Monday 30 April 2012

1000 Scans Later

As I sit here scanning what feels like 1000 send in sheets into the computer, I wonder where Distance Ed will go in the future. Just last year we still filled in books and used 'snail mail' to get the kid's written work into school and now we scan and email their sheets. Some students even do them straight onto the pdfs provided on the kid's 'misticks'. 'Mistick', who would have ever thought that would become a regular part of children's vocabulary and it isn't even correctly spelt.

Mr Year 1 has completed a photostory about how he has changed, I have two in year 4 surveying their class and other school members by email and a girl in year 7 who has made a wiki and uploads her work onto blackboard. All of this was foreign and to us and is now considered normal. Technology (and it's terms) are something kids are growing up knowing all about and they aren't scared of using it.

A favourite and completely acceptable saying in our schoolroom is 'Google it' ... "hang on I'll Google it" ... "can I Google it?"

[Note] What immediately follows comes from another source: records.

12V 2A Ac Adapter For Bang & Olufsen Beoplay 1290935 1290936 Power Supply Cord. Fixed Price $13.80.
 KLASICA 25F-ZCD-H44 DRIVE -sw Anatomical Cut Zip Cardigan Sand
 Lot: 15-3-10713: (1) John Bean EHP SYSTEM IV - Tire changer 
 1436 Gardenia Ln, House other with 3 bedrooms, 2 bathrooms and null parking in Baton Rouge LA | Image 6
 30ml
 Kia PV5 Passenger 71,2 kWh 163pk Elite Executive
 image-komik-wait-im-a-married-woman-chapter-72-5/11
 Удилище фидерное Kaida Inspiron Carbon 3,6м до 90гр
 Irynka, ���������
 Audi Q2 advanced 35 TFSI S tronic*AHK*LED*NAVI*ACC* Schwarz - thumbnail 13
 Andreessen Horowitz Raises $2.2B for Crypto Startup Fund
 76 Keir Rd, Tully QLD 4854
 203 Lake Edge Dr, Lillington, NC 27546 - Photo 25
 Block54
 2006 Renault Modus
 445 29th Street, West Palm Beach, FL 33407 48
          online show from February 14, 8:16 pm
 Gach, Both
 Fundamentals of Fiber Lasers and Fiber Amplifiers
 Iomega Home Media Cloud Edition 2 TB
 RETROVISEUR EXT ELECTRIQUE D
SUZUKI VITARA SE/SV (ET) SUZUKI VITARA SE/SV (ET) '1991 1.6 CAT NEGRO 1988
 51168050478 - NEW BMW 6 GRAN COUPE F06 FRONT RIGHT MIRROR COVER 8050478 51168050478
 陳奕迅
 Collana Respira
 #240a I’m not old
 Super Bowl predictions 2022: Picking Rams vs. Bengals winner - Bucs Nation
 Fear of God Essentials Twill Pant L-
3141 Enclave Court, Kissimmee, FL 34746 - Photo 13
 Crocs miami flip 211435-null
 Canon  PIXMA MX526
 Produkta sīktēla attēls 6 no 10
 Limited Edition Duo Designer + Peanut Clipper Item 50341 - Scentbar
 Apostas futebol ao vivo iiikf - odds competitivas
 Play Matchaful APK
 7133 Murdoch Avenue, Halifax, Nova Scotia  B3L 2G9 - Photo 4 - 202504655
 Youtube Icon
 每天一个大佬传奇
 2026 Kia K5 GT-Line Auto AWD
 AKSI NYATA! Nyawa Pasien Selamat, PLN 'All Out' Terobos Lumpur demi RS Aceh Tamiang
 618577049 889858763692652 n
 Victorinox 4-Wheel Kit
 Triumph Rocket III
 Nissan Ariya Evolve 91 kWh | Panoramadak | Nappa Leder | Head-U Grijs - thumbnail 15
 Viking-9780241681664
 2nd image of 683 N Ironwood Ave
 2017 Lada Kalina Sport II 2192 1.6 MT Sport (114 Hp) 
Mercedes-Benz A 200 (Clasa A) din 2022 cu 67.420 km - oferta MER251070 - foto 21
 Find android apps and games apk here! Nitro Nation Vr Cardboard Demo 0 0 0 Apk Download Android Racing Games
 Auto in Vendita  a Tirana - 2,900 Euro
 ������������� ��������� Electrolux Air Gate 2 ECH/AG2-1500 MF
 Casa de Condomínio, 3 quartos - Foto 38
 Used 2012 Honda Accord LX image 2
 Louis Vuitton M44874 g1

Technology or not children still need to learn to add and take away, they need to learn their times tables, how to spell and about nouns. As someone I know said recently 'technology is only a tool' and that is what it is in Distance Ed, a tool to teach the children the concepts they need to learn. There is however always a place for the good old MAB, pencil and paper, blackboard or whiteboard, counters and walls of words because despite the age of these tools they still do the job very nicely indeed.

So about 1000 20 scanned sheets later I'll leave you with a couple of photos from the schoolroom.

Mr Yr 1 writing about the jet stream he just saw in the sky.
Sometimes taking writing outside can make all the difference.

Out MABs and 3D shapes are anything from
castles to rocket ships for some.
But for others they are a great way of learning place value
giving a physical thing to touch and count.